TASK ITEM: Please output, exactly and without pictures, the lines from the opening of the listing below through the line containing "Hot in Cleveland - What's Behind the Door?", both included.

RECORDS SUPPLIED:
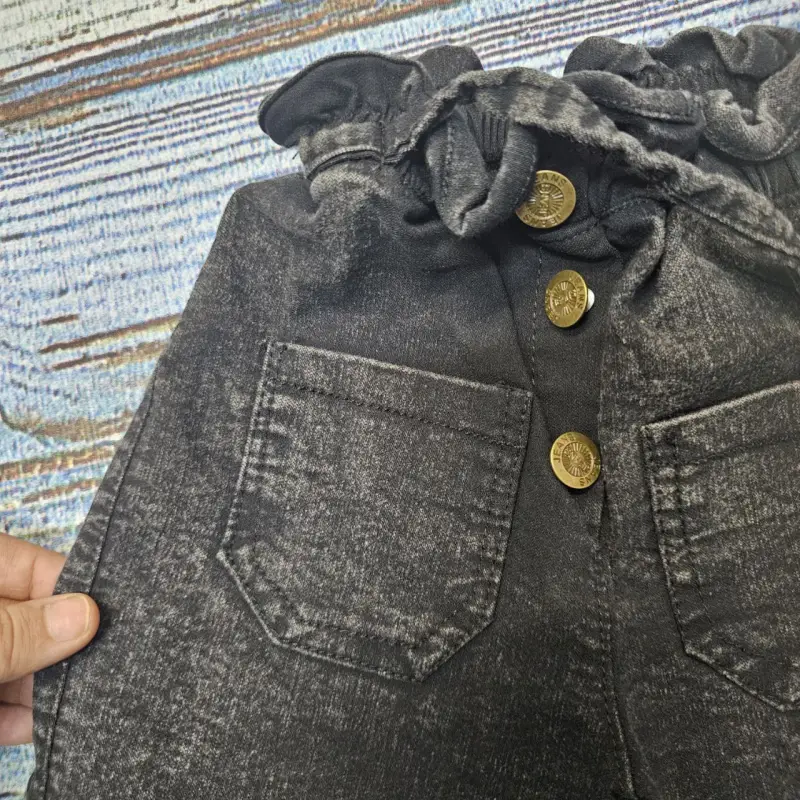 بدون موضوع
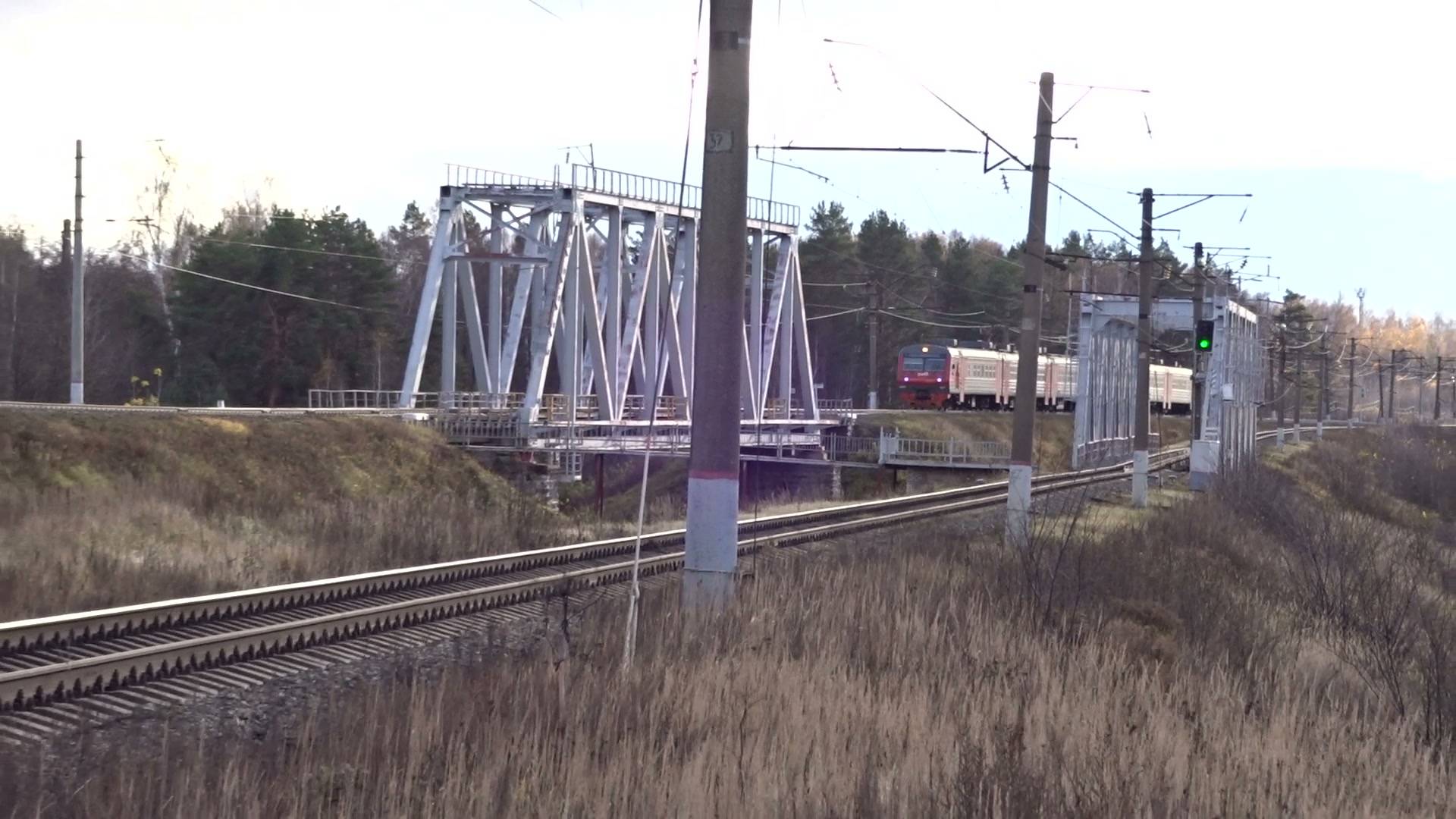 Электропоезд ЭД9Э-??? Нижний Новгород - Шахунья на перегоне Киселиха - Каликино смотреть онлайн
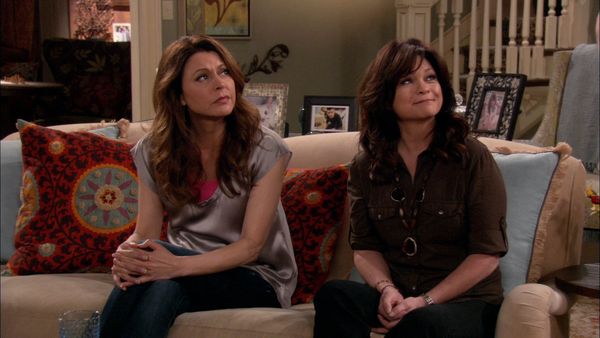 Hot in Cleveland - What's Behind the Door?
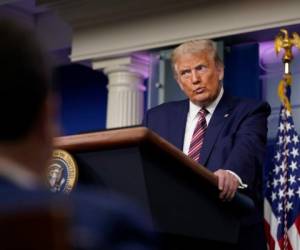 Donald Trump fotografiado durante una conferencia de prensa en la Casa Blanca el 27 de septiembre del 2020. Un informe del New York Times dice que el mandatario casi no paga impuestos porque muchos de sus negocios dan pérdidas.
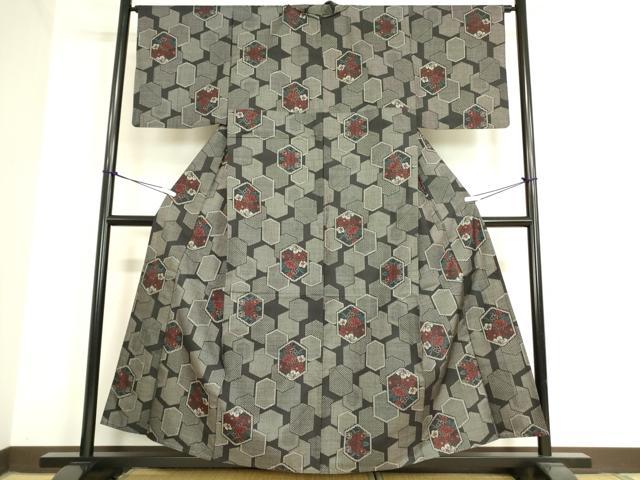 平和屋着物▽本場大島紬 単衣 7マルキ 亀甲花文 正絹 逸品 DAAV5425az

RESULT OF THE EXERCISE:
 بدون موضوع
 Электропоезд ЭД9Э-??? Нижний Новгород - Шахунья на перегоне Киселиха - Каликино смотреть онлайн
 Hot in Cleveland - What's Behind the Door?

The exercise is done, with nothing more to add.